June 10th, 2013 No comments

I am writing today to let you know about some changes to the CBC News and Centers management team. This fall Paul Hambleton will be moving to Toronto to take on the role of Managing Editor, radio and television news and centres programming. This is a new role that integrates the management of news programming for both television and radio. It includes the radio news duties formerly handled with such skill by Jack Nagler, plus new responsibilities in television programming. Paul will be reporting to Fiona Conway.

Paul has had an impressive career at CBC News. Highlights include Managing Editor in Newfoundland, Bureau Chief in Prince Edward Island, Executive Producer of Newsgathering in Toronto and, of course, his current role as Managing Editor of our Parliamentary Bureau.

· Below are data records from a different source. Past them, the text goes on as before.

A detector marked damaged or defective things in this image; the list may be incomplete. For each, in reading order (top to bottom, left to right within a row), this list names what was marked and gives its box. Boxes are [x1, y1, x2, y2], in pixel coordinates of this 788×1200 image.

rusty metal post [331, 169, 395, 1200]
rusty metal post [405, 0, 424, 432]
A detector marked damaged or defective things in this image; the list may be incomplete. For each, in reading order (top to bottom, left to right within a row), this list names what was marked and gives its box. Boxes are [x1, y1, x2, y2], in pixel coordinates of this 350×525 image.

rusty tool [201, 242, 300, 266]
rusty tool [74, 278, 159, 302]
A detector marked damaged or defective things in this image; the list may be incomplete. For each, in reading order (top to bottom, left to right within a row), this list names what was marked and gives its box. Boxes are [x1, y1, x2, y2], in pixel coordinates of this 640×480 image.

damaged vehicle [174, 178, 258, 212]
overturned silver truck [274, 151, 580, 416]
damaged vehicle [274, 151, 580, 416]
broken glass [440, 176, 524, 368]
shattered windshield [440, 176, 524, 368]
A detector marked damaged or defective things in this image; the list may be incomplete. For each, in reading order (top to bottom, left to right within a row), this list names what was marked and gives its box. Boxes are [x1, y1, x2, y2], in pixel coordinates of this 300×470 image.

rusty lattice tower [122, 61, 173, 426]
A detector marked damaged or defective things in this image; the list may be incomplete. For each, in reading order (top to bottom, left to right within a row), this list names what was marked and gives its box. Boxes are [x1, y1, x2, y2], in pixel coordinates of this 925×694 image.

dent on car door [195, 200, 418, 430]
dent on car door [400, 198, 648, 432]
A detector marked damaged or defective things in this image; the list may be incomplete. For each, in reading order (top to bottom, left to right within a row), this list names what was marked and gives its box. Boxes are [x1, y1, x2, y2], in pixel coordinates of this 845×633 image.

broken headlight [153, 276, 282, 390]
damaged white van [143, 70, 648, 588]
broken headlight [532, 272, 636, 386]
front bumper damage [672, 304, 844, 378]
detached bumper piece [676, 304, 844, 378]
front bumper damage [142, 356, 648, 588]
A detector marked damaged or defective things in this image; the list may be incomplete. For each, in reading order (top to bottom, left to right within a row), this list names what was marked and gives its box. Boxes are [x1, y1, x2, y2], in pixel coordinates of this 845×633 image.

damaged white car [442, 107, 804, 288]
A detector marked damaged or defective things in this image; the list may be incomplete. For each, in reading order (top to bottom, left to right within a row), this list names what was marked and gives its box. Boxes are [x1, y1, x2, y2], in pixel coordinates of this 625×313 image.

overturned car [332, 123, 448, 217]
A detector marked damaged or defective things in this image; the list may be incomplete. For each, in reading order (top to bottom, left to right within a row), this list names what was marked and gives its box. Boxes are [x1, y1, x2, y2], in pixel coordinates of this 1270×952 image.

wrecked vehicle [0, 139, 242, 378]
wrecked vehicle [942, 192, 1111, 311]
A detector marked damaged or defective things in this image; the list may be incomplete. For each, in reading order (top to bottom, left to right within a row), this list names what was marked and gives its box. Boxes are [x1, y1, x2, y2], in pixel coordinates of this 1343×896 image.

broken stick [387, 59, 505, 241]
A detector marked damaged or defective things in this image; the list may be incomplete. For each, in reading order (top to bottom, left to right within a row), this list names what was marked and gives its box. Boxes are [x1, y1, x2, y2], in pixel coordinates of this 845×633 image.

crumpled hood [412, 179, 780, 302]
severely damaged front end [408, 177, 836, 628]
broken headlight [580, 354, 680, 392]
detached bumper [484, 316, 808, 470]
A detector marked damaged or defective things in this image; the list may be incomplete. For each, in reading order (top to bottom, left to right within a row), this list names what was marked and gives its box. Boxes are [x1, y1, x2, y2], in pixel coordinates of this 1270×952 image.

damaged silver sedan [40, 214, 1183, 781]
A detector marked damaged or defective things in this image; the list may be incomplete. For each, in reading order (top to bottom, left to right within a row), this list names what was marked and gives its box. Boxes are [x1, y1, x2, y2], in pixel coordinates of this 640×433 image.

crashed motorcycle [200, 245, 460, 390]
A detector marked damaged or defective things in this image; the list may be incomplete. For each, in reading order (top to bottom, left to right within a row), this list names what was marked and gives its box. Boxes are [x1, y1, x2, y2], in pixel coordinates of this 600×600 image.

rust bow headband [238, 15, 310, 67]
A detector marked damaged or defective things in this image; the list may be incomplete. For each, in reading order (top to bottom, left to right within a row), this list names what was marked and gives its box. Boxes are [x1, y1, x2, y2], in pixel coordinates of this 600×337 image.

Along the way he won a Gemini Award for his work with Susan Ormiston and the digital team on the “Ormiston Online” project during the 2008 Federal election. He also managed our outstanding coverage of the 2011 Federal election. This is a great move for Paul, and we are thrilled to have his expertise back in Toronto.

I am also pleased to announce that Robert Russo will be coming to CBC as the new Managing Editor of the Parliamentary Bureau. Rob is one of the most admired journalistic leaders in the country and no stranger to us at CBC News. He is often called upon to provide political insight on The National, The House, Power and Politics and on local radio current affairs programs across the country. He has been at the helm of CP’s Ottawa Bureau for the past ten years, leading teams that have won numerous awards including a Michener, National Newspaper awards and the press gallery’s Charles Lynch Award for lifetime achievement.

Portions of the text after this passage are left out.